El Peine del Viento, escultura de Eduardo Chillida en San Sebastián.

¿Cómo asumir que cuando las cosas van mal —o eso parece, sin demasiado margen para la duda— el cauce que toman es necesariamente el que debe ser? En pleno siglo de las luces tuvo lugar una de las parodias filosóficas más memorables. A Voltaire le dio por ridiculizar en su Candide la afirmación de Gottfried Wilhelm Leibniz —que murió un 14 de noviembre de 1716, cuando aquél estaba a punto de cumplir los 22 años— según la cual vivimos “en el mejor de los mundos posibles”.
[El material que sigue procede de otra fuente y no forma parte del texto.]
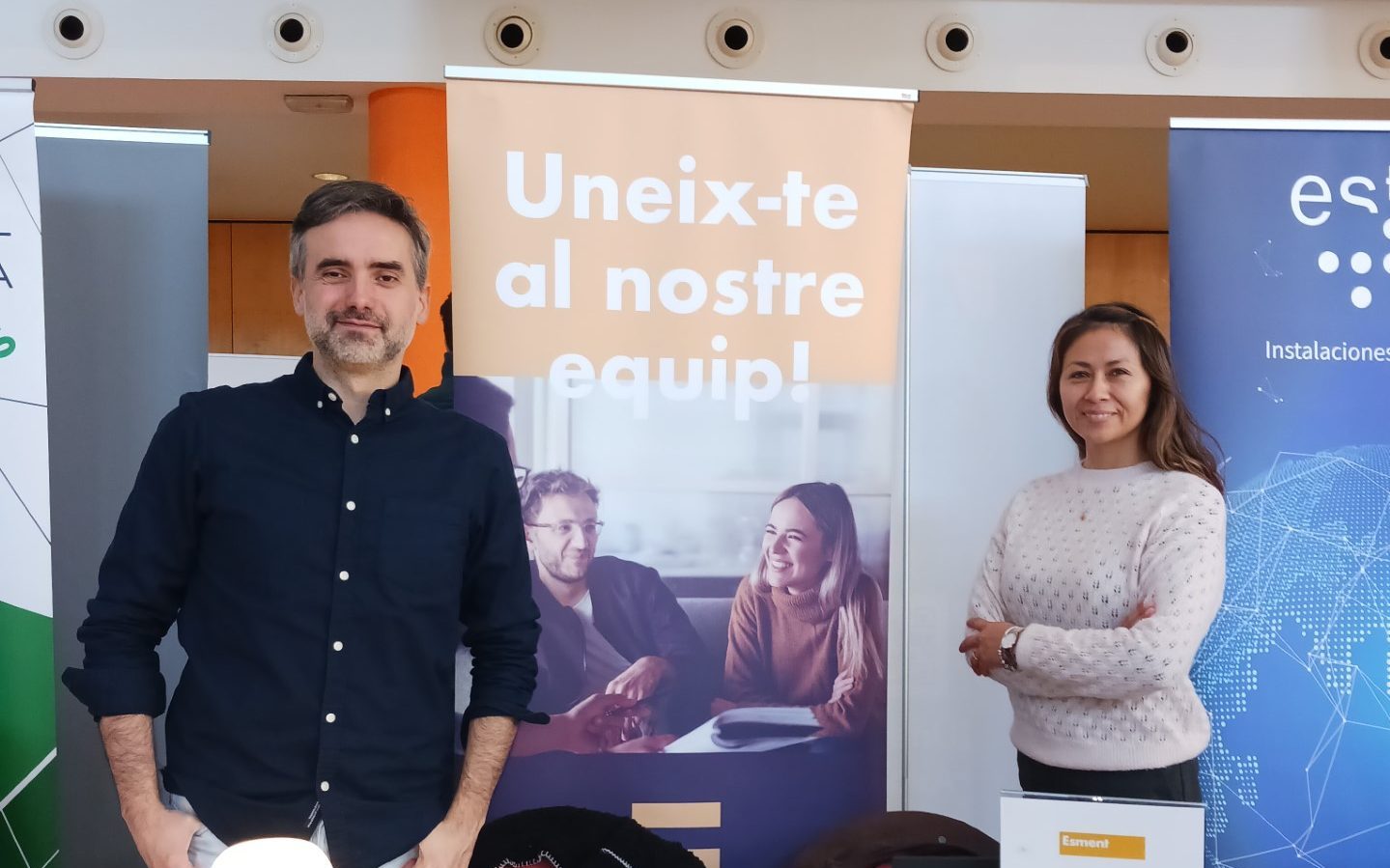 Esment participa en el Job Day de la UIB - Blog Comunidad Esment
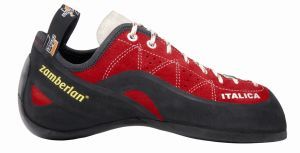 Сверхпрочные скальные туфли Zamberlan A74 - Italica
Voltaire, uno de los máximos representantes de la Ilustración. © Musée Carnavalet

Pangloss, cruel caricatura del sabio alemán —comparable a la hilarante deformación de Sócrates acometida por Aristófanes en Las nubes–– alecciona al bueno de Cándido en las peores situaciones imaginables (terremoto de Lisboa, esclavitud, epidemias y otras calamidades) que contradicen dramáticamente aquella afirmación altisonante. Especialmente sí se entiende “mejor mundo posible” como sinónimo de “mundo perfecto”. Algo que Leibniz, científico y metafísico como Descartes, y autor de una Teodicea —una teología filosófica— difícilmente hubiera acordado.

Evidentemente Dios no quiere el mal —nos dicen los teólogos desde la época de San Agustín— pero no lo impide porque deja en manos de su criatura la posibilidad de gestionar afectos y apetitos, y en suma de actuar de forma verdaderamente autónoma. Un mundo en que el libre arbitrio existe se antojaría, en este sentido, “mejor” que otro en que todo estuviera predeterminado, gobernado necesariamente por factores externos o internos (como son las disposiciones instintivas); incluso si el primero implica que muchas de las decisiones y de los acontecimientos derivados de ellas resulten perjudiciales, y se perpetúen las injusticias. Volver al argumento de Leibniz precisamente en la actualidad puede parecer todavía más infundado, habiéndose sometido la propia modernidad, crítica con la religión durante la Ilustración (Voltaire), a una nueva crítica, la de la posmodernidad, que alimentó la obra de alguien tan poco metafísico como Friedrich Nietzsche.

Volver al argumento de Leibniz precisamente en la actualidad puede parecer todavía más infundado, habiéndose sometido la propia modernidad a una nueva crítica

Su denuncia del positivismo y de la creencia en el progreso de la razón fecunda el pensamiento del siglo XX y XXI, tornando prácticamente inconcebible aquella idea de Leibniz, según la que habitamos en el “mejor de los mundos posibles”. Y, no obstante, aceptar con plena libertad lo que parece destinado a ser representa un movimiento del espíritu que resume una expresión latina muy apreciada por el mismo Nietzsche, la de amor fati (“amor al destino”). ¿Quién puede, en cualquier caso, estar a la altura de semejante aceptación? En el primero de los discursos de Zaratustra (1883) se explica que la tercera transformación del espíritu, la más elevada, corresponde al niño. Creador y destructor, verdadero alter ego del superhombre, se caracteriza como un “santo decir sí”: ama lo que está siendo, lo que él determina para sí en su propio presente, sin quedarse atrapado en un pasado traumático ni tampoco en la anticipación angustiante de lo por venir.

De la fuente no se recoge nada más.